SWAINS ISLAND – One of the Last Jewels of the Planet
I had the awesome privilege of traveling to tiny Swains Island along with Jean-Michel Cousteau and a team of scientists. Swains Island had been recently added to the National Marine Sanctuary of American Samoa and NOAA wanted to survey the Island to find clues to its past use. I filmed the expedition and returned to write and edit a full-length documentary, SWAINS ISLAND – One of the Last Jewels of the Planet that won an award at the Blue Ocean Film Festival.
Swains Island is located 200 miles north of American Samoa and is reachable by a 26-hour boat ride. We camped on the beach and during the day scientists from diverse backgrounds surveyed the Island for clues to it’s past use – especially by Polynesians that settled the Island and used it as a stopover to reach distant islands. It was also used as a family-owned copra plantation. The scientists uncover many mysteries long-held on this fascinating Jean-Michel Cousteau adventure.
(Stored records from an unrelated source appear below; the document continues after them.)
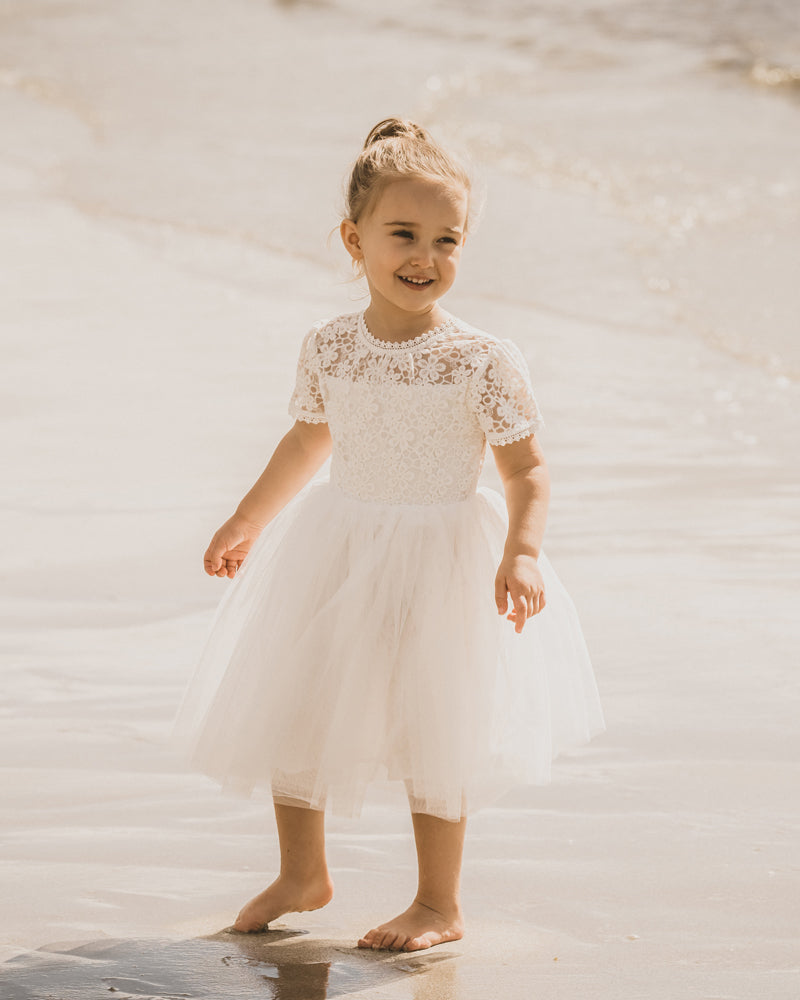 Lace Bodice Back Bow Dress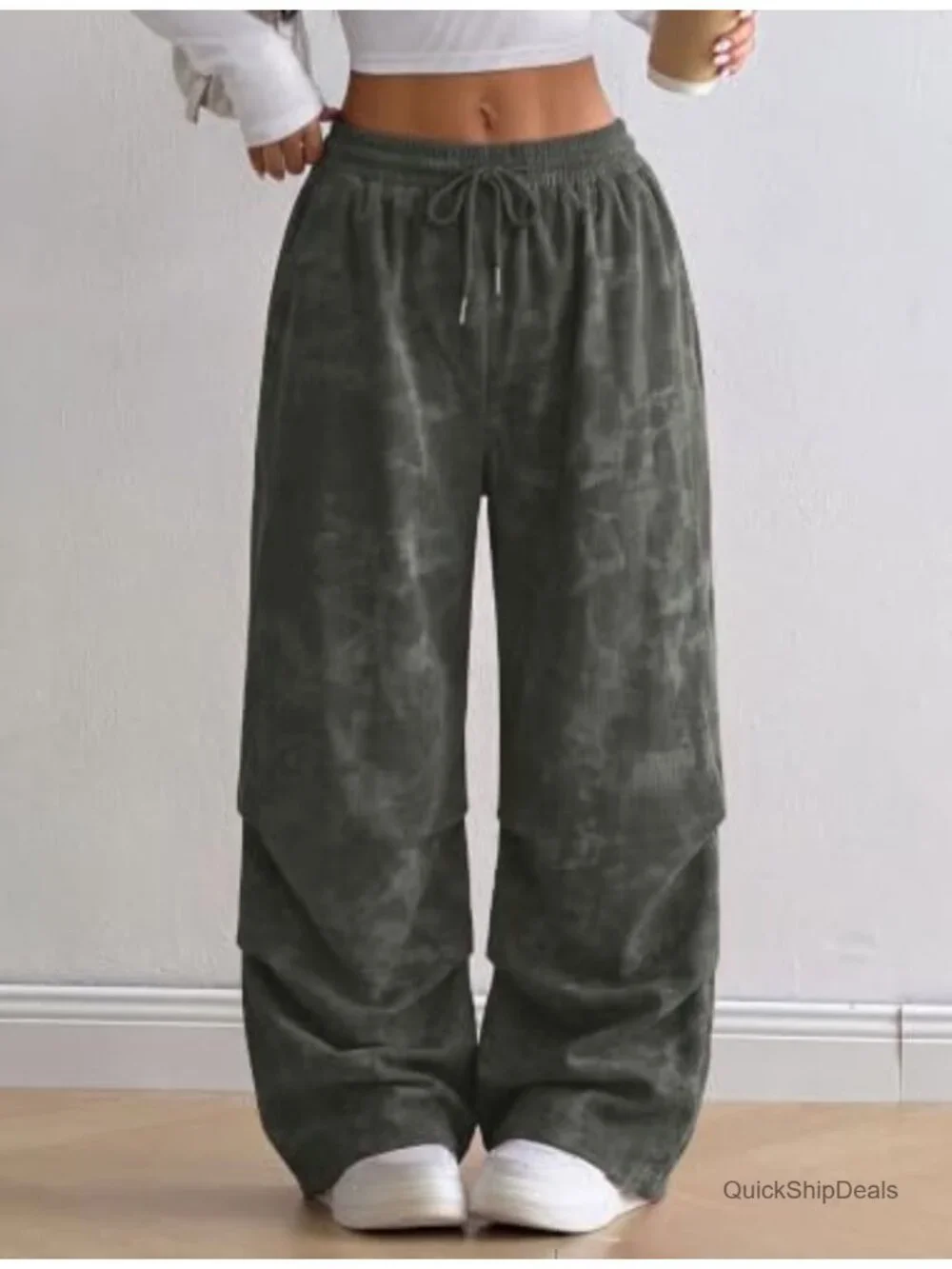 Retro Wide Leg Corduroy Pants with Pockets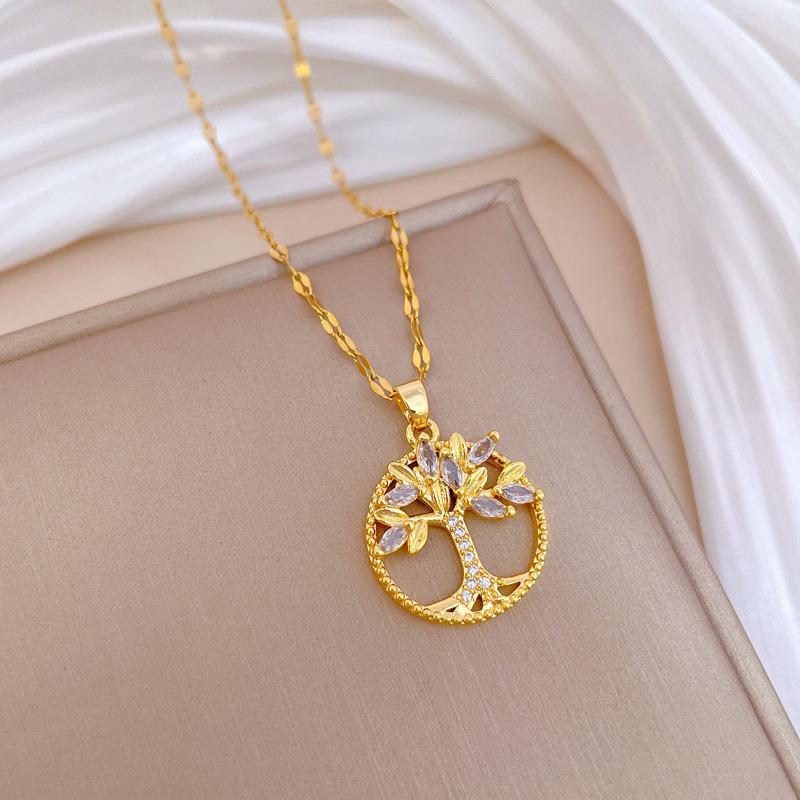 Tree Of Life Ring Light Luxury Temperament Gorgeous Full Diamond Necklace Women'S Versatile Clavicle Chain Titanium Steel Chain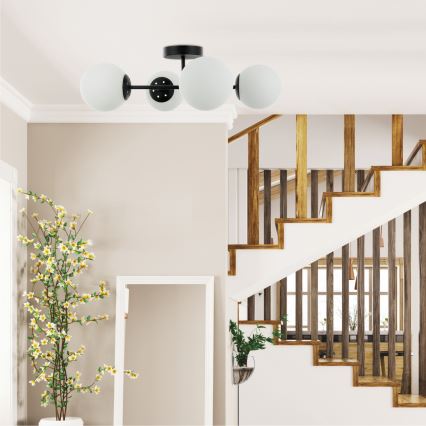 Πλαφονιέρα MADDIE 4xE14/5W/230V μαύρη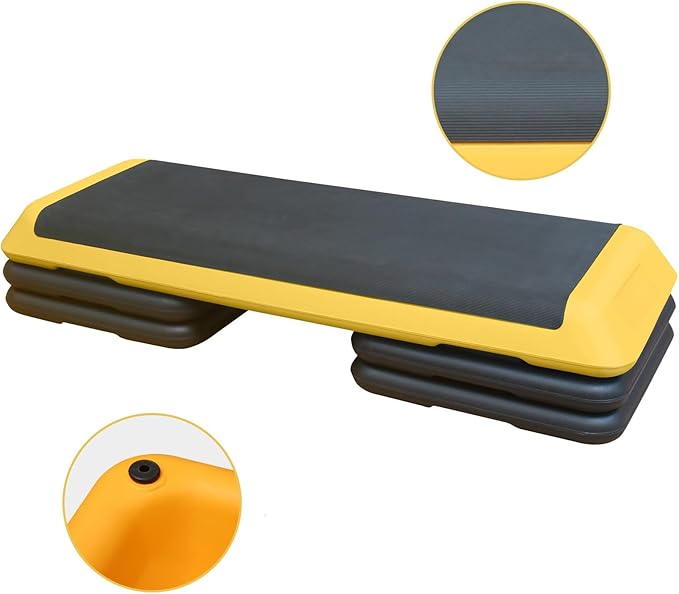Adjustable Aerobic Workout Step Platform with 4 Stackable Risers in Fitness Exercise Platform Trainer,43” Aerobics Workout Stepper for Home Gym Cardio Strength Training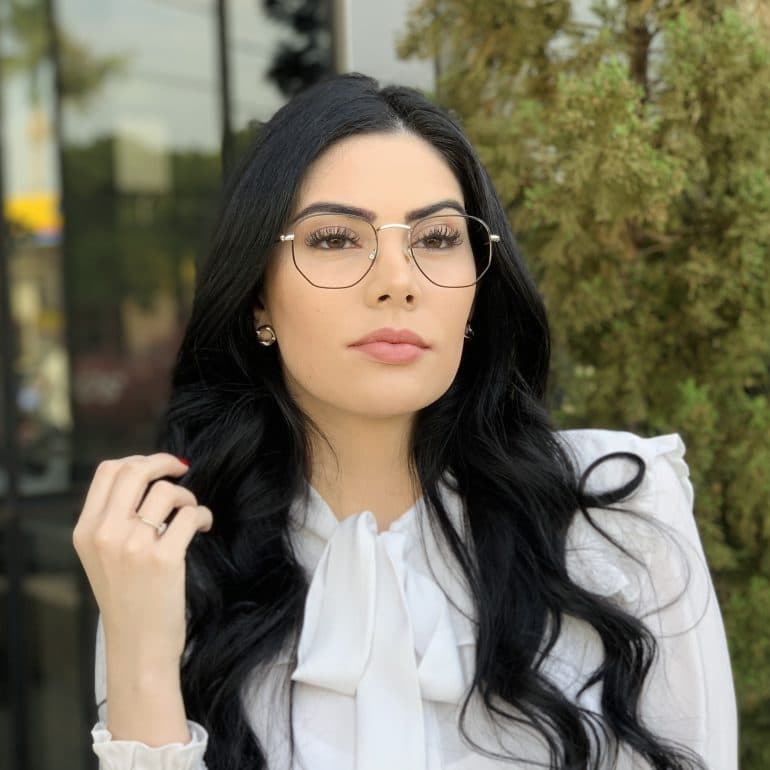 safine com br oculos de grau hexagonal prata e preto lali 3
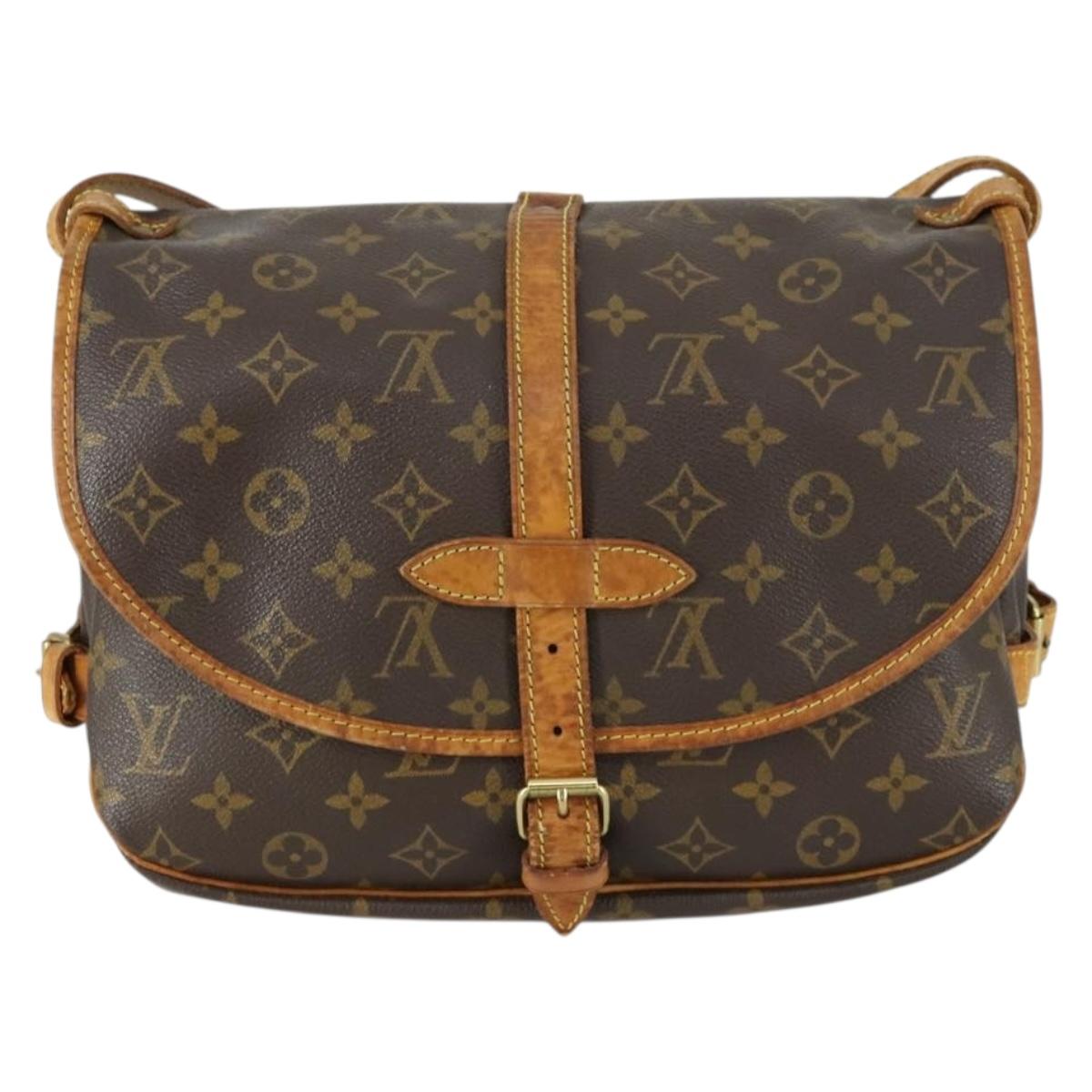 LOUIS VUITTON Monogram Saumur 30 Shoulder Bag M42256 LV Auth am9966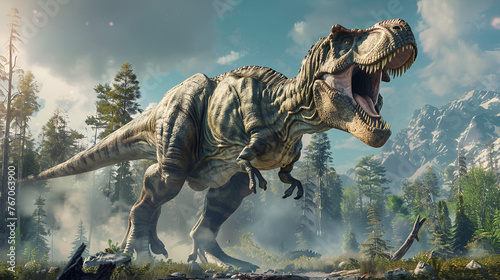 3D rendering of the king of dinosaurs Tyrannosaurus, generative ai © Neelam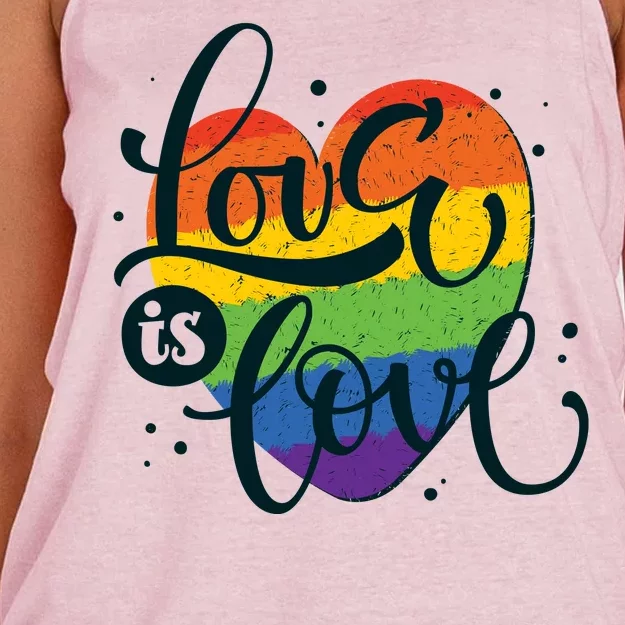 Love Is Love LGBT Pride Women's Knotted Racerback Tank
During the trip, Jean-Michel dives on pristine coral reefs that he says are as healthy as you can find. Jean-Michel says that it’s important that we set aside biologically rich, unique ocean areas to help protect ocean health and so that future generations will have a chance to see these natural wonders.
Jean-Michel Cousteau and Jim Knowlton following a dive at Swains Island
SWAINS ISLAND – One of the Last Jewels of the Planet screened at numerous film festivals and won top award in the People and the Sea category at the Blue Ocean Film Festival in St. Petersburg, Florida. It was an honor to accept the award on behalf of the many people and organizations that contributed to organizing the expedition, completing the science and making the film.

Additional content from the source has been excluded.